Le double discours des autorités

L'auteur accuse les anciennes autorités de l'Etat de Mexico de vouloir "maquiller, cacher" les chiffes. Plus précisément pendant la gouvernance d'Enrique Peña Nieto, de 2005 à 2011. Lors de sa campagne locale, l'actuel président mexicain s'est imposé comme le "candidat des femmes". Il a utilisé une puissante stratégie médiatique pour arriver au pouvoir. Son credo : se faire voir comme un "beau gosse de télénovéla". A l'époque, ses fans féminines crient à l'unisson "Enrique, mon bonbon, je te veux dans mon matelas !" ("¡Enrique, bombón, te quiero en mi colchón!")... Fort de son succès auprès de ces dames, le chef de l'Etat a même désigné son épouse (décédée dans des conditions incertaines depuis), leader de son fan club. Il ne s'est pas contenté de cet affront. Afin que le nombre de féminicides dans l'Etat de Mexico ne nuise pas à sa campagne présidentielle, Peña Nieto a imposé des mesures pour que les chiffres restent secrets. Il était prêt à tout pour éviter qu'un scandale voit le jour et réduise à néant ses chances d'atteindre la tête du pays.
"Lorsqu'on a vérifié les chiffres officiels, on s'est rendu compte qu'ils ne tenaient pas", signale Humberto Padgett.

Vers une vraie reconnaissance ?

Il y a 10 ans, les associations et la société civile de Ciudad Juárez et Chihuahua (l'Etat dont elle dépend) ont fait des efforts pour sensibiliser la population aux crimes. Leur campagne a porté ses fruits et les citoyens locaux ont pris conscience du problème. Le nombre de féminicides a alors commencé à diminuer, selon les études d'Humberto Padgett. "Cela se constate dans les statistiques", affirme-t-il.

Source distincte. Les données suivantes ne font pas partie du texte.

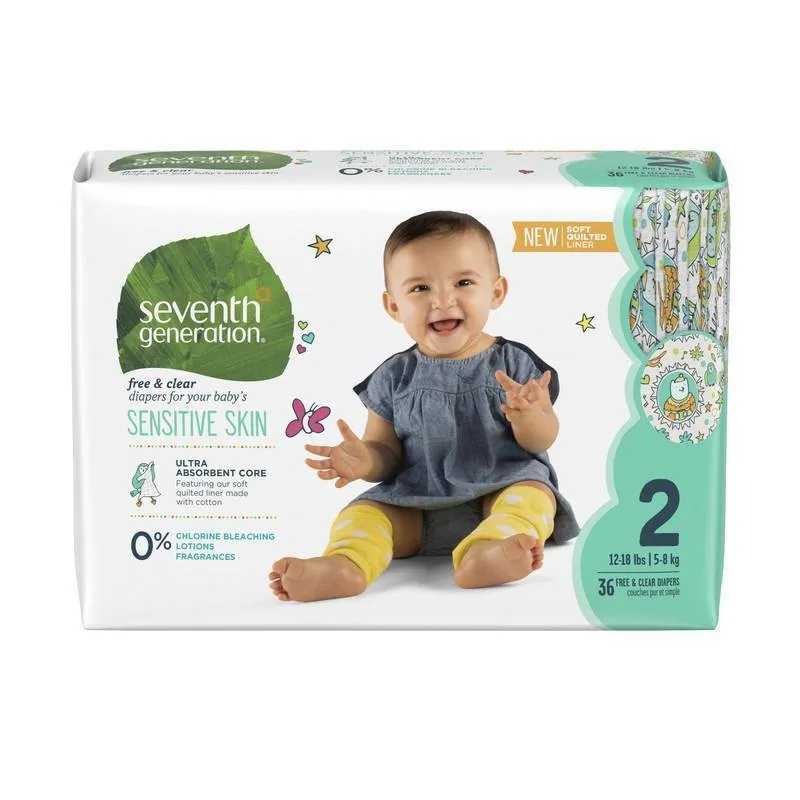 Seventh Generation Baby Diapers - Stage 2 ( 12- 18 lbs) 4/36 ct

Le journaliste espère le même dénouement pour la macabre mascarade de l'Etat de Mexico. Désormais, le défi est de toucher la sensibilité des politiciens. L'affaire doit dépasser leurs intérêts. "Il est temps que les autorités, et plus précisément le président actuel Enrique Peña Nieto, affrontent cette terrible situation. Et que lui-même, qui se voulait le président des femmes, fasse un geste envers celles qui l'ont fait élire."